20. (1) Where any offence-related property is forfeited to Her Majesty pursuant to an order made under subsection 16(1) or 17(2), any person who claims an interest in the property, other than

(a) in the case of property forfeited pursuant to an order made under subsection 16(1), a person who was convicted of the designated substance offence in relation to which the property was forfeited,

(b) in the case of property forfeited pursuant to an order made under subsection 17(2), a person who was charged with the designated substance offence in relation to which the property was forfeited, or

(c) a person who acquired title to or a right of possession of the property from a person referred to in paragraph (a) or (b) under circumstances that give rise to a reasonable inference that the title or right was transferred from that person for the purpose of avoiding the forfeiture of the property,

may, within thirty days after the forfeiture, apply by notice in writing to a judge for an order under subsection (4).

Fixing day for hearing

(2) The judge to whom an application is made under subsection (1) shall fix a day not less than thirty days after the date of the filing of the application for the hearing of the application.

Notice

(3) An applicant shall serve a notice of the application made under subsection (1) and of the hearing of it on the Attorney General at least fifteen days before the day fixed for the hearing.
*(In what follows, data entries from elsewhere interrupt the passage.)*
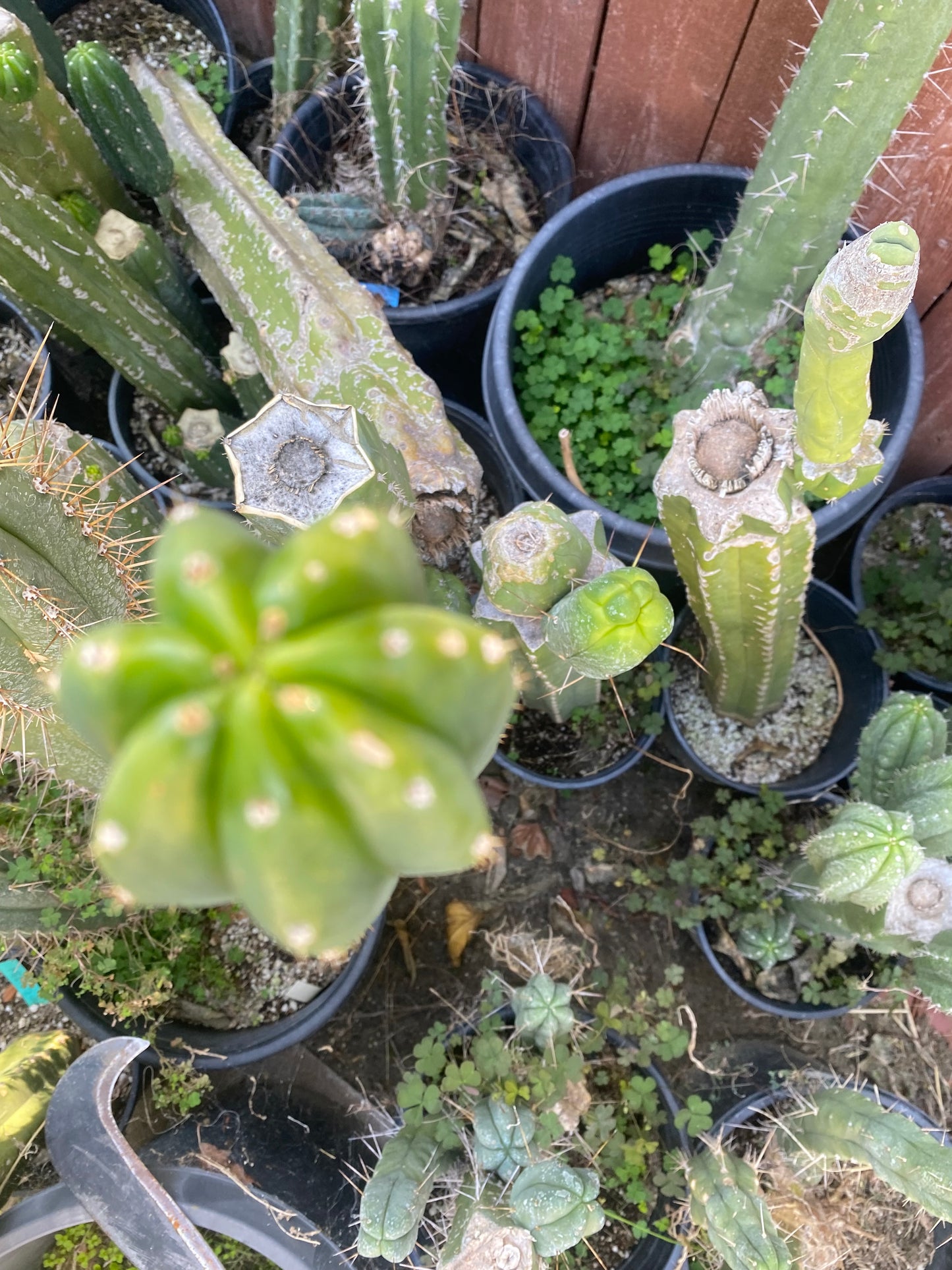 24” San Pedro top cutting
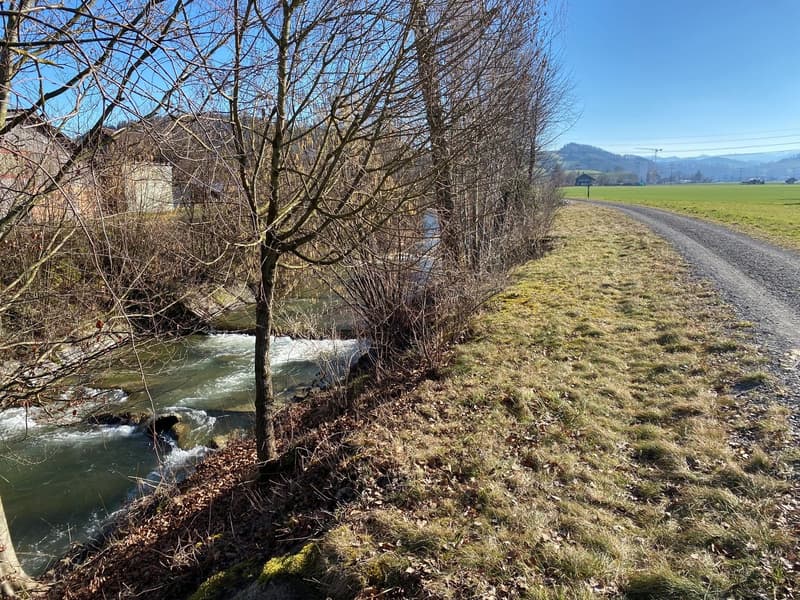 Die Natur vor der Tür.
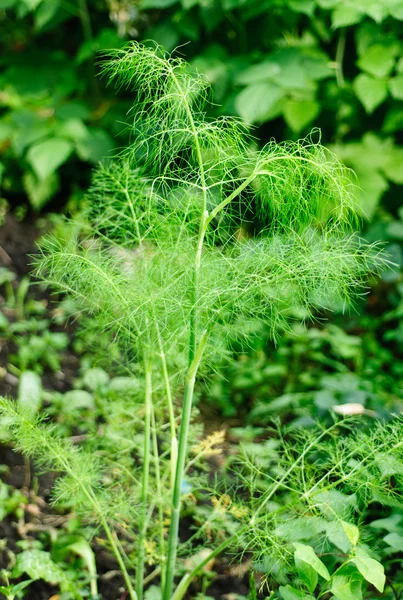 Branch of fresh green fennel — Zdjęcie stockowe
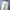 Uniqlo Streetwear Casual Formal pants Pria khaki photo 4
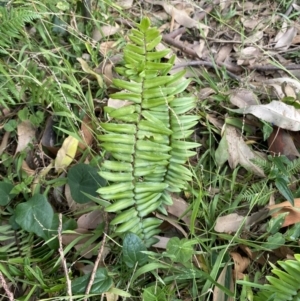 Pellaea falcata at Long Beach, NSW - 11 Jan 2023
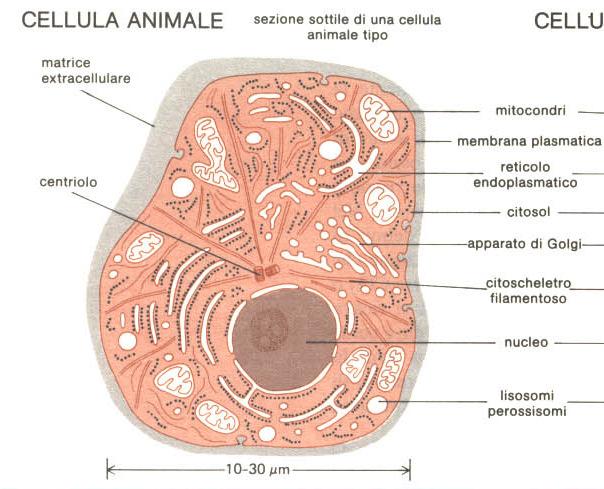 Tutte le cellule sono circondate da una membrana plasmatica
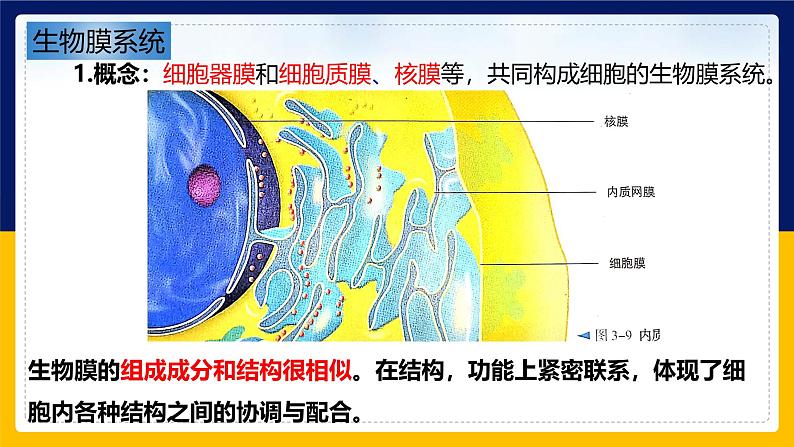 苏教版2019高一生物必修一2.2.4 细胞的结构和生命活动——细胞各部分结构分工合作（课件）04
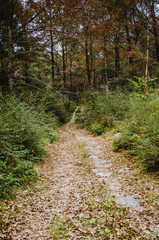 The stone path scenery in mountains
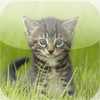 Amazing Kitten Tap Puzzles - for iPad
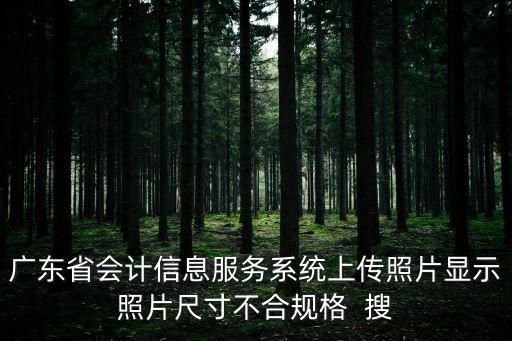 廣東省會計信息服務系統上傳照片顯示照片尺寸不合規格  搜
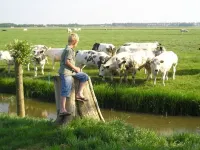 Comfortable and cozy cottage on farm Hotels in Beemster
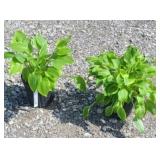 (2) GOLDEN TIARA HOSTA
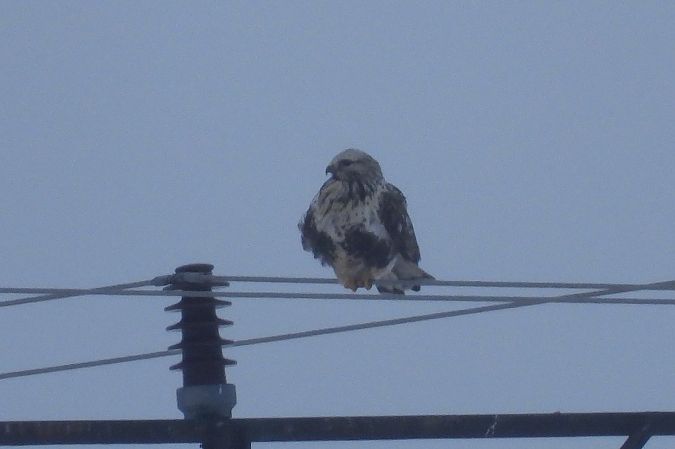 myszołów włochaty  - Justyna Krawczyk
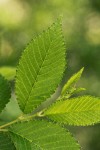 Siberian Elm foliage detail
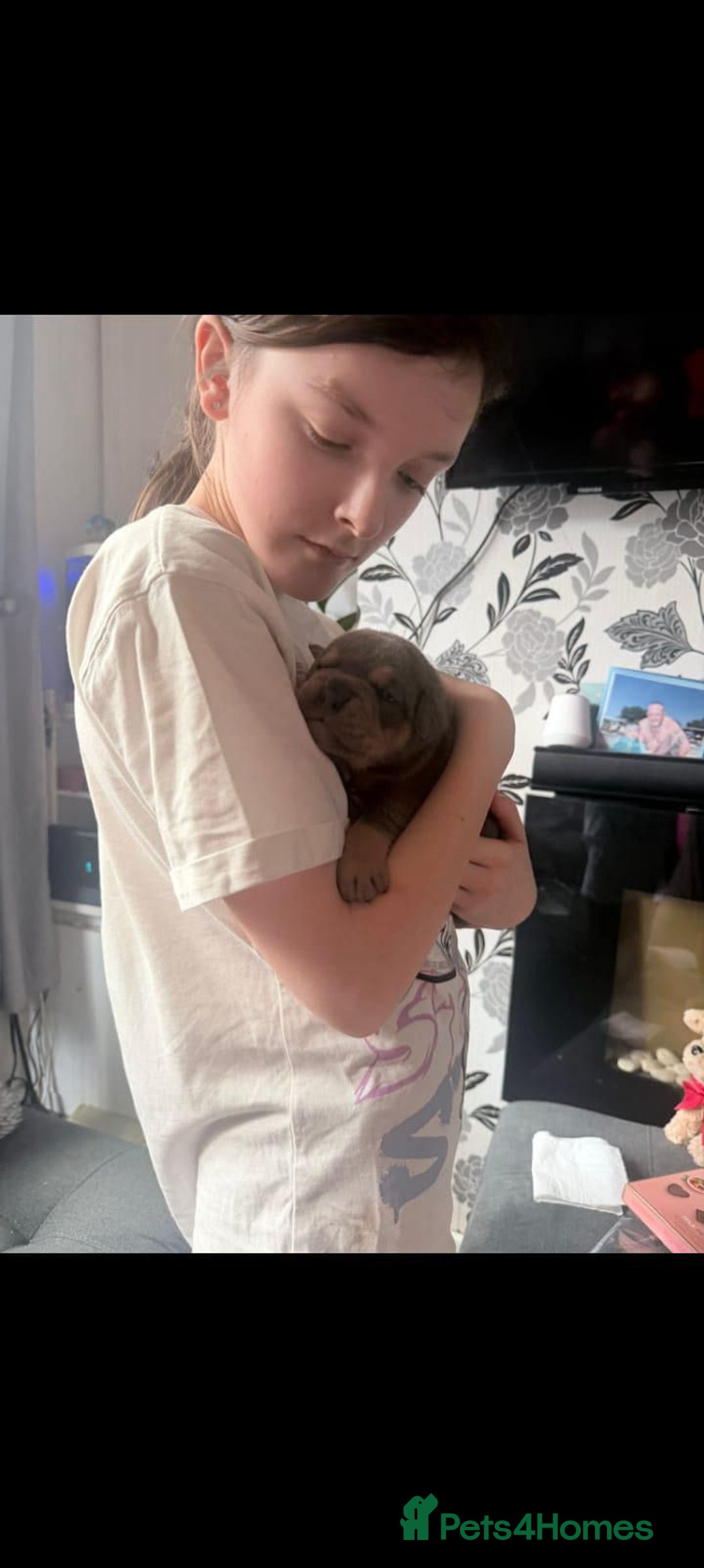 Olde English Bulldogge dogs for sale: GENETICALLY CLEAR CHAMPION 🏆 LEGENDARY BLOODLINE  - Advert 8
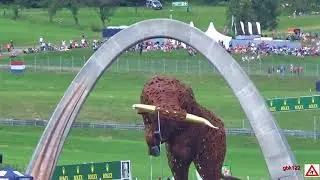 Jetpack-Pilot* David Mayman* at Formel 1 Grand Prix Red Bull Ring 2018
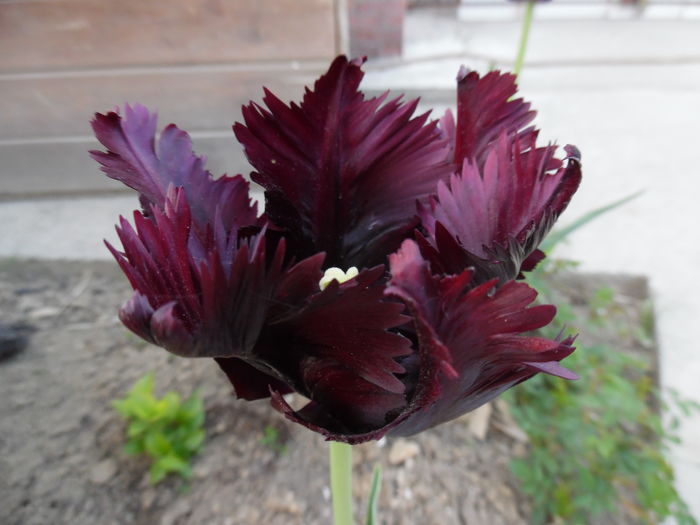 002 - Primavara in gradina 2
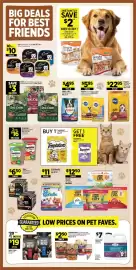 Dollar General weekly ad week 29 Page 13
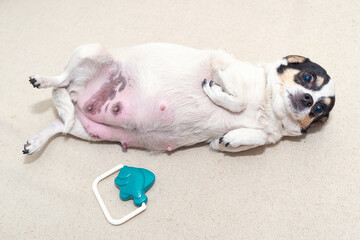 A pregnant Chihuahua bitch lying on her back.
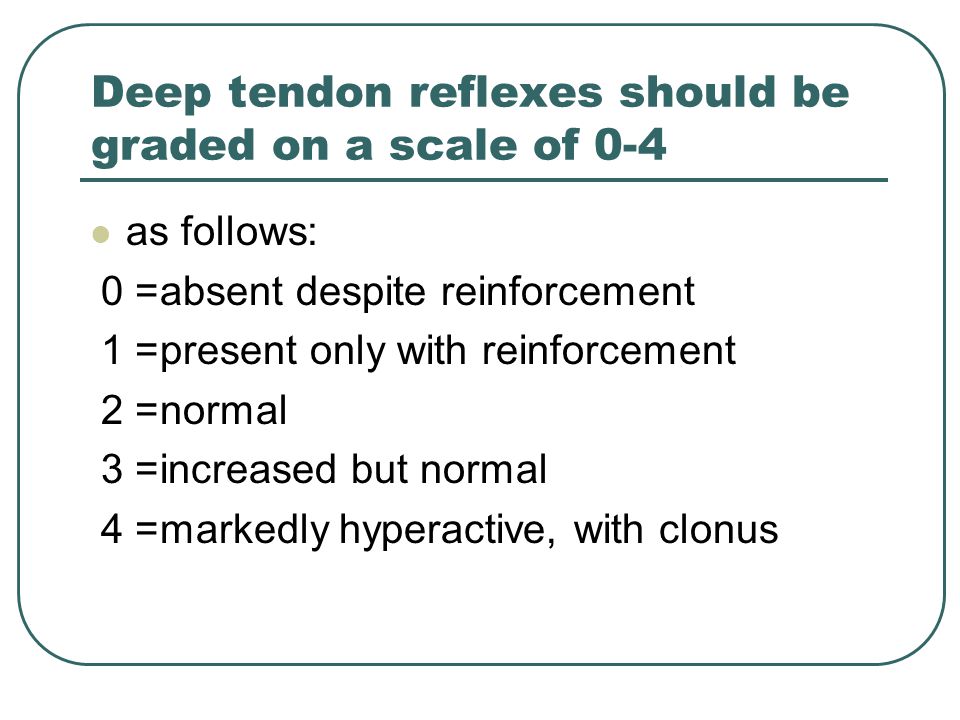 Deep Tendon Reflex Chart Trinity
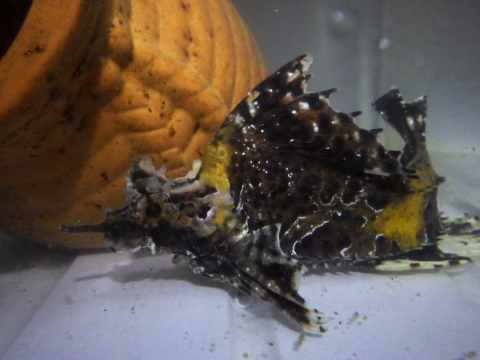 アツモリウオ（Hypsagonus proboscidalis）4　冷水性海水魚の飼育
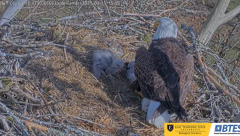 2025-03-19 21_22_58-Bluff City Cam2_ ETSU_BTES Eagle Camera - YouTube - Maxthon.png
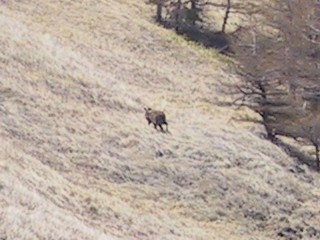 photo-040508-3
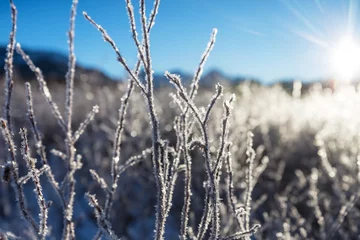 Plexiglas foto achterwand Frozen meadow © Galyna Andrushko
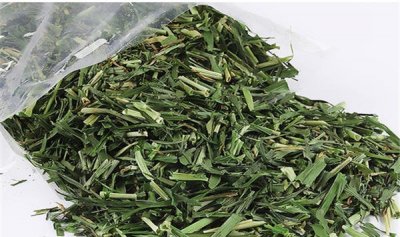 ​大麦草和小麦草的辨别有哪些 外表以及功能都没有共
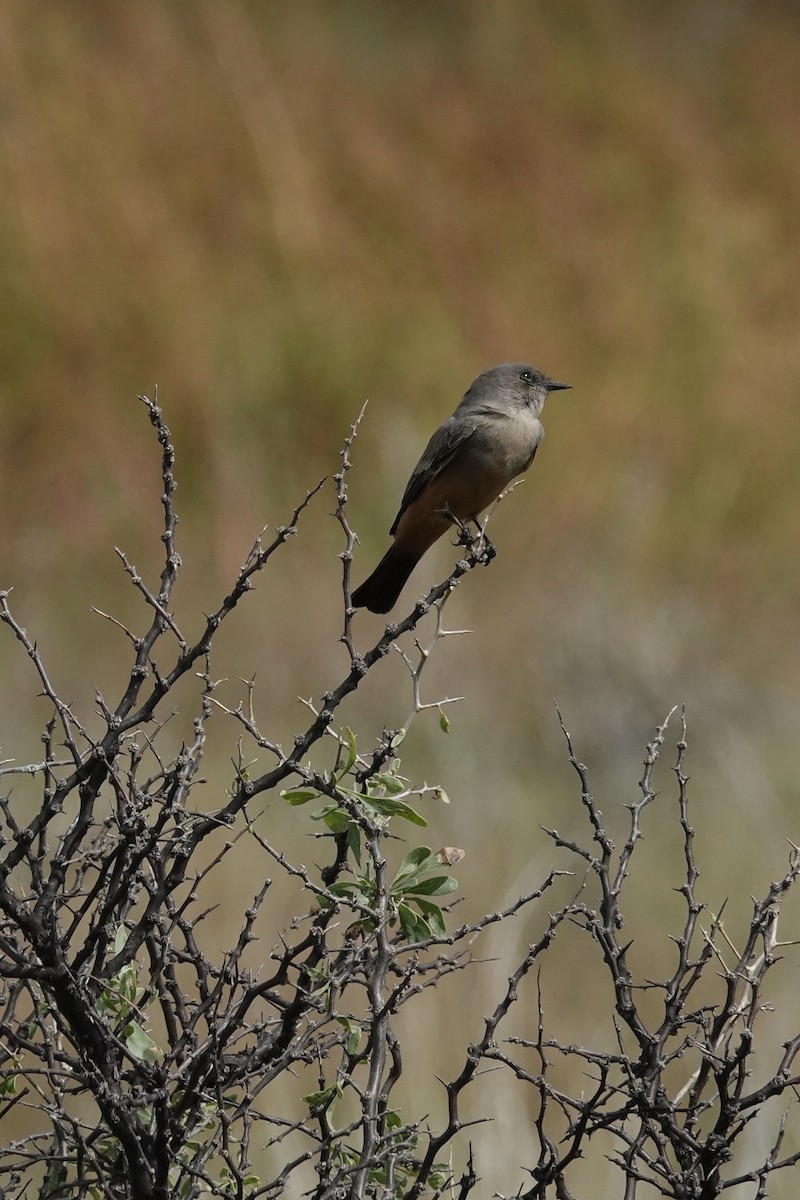 Say's Phoebe - ML643355647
Order declaring interest not affected by forfeiture

(4) Where, on the hearing of an application made under subsection (1), the judge is satisfied that the applicant

(a) is not a person referred to in paragraph (1)(a), (b) or (c) and appears innocent of any complicity in any designated substance offence that resulted in the forfeiture of the property or of any collusion in relation to such an offence, and

(b) exercised all reasonable care to be satisfied that the property was not likely to have been used in connection with the commission of an unlawful act by the person who was permitted by the applicant to obtain possession of the property or from whom the applicant obtained possession or, where the applicant is a mortgagee or lienholder, by the mortgagor or lien-giver,

the judge may make an order declaring that the interest of the applicant is not affected by the forfeiture and declaring the nature and the extent or value of the interest.

Appeal from order made under subsection (4)

(5) An applicant or the Attorney General may appeal to the court of appeal from an order made under subsection (4), and the provisions of Part XXI of the Criminal Code with respect to procedure on appeals apply, with such modifications as the circumstances require, in respect of appeals under this subsection.

Return of property

(6) The Minister shall, on application made to the Minister by any person in respect of whom a judge has made an order under subsection (4), and where the periods with respect to the taking of appeals from that order have expired and any appeal from that order taken under subsection (5) has been determined, direct that

(a) the property, or the part of it to which the interest of the applicant relates, be returned to the applicant; or

(b) an amount equal to the value of the interest of the applicant, as declared in the order, be paid to the applicant.

21. Any person who, in their opinion, is aggrieved by an order made under subsection 17(2) may appeal from the order as if the order were an appeal against conviction or against a judgment or verdict of acquittal, as the case may be, under Part XXI of the Criminal Code, and that Part applies, with such modifications as the circumstances require, in respect of such an appeal.

22. Notwithstanding anything in this Act, the operation of an order made in respect of property under subsection 16(1), 17(2) or 20(4) is suspended pending

(a) any application made in respect of the property under any of those provisions or any other provision of this or any other Act of Parliament that provides for restoration or forfeiture of the property, or

(b) any appeal taken from an order of forfeiture or restoration in respect of the property,

and the property shall not be disposed of or otherwise dealt with until thirty days have expired after an order is made under any of those provisions.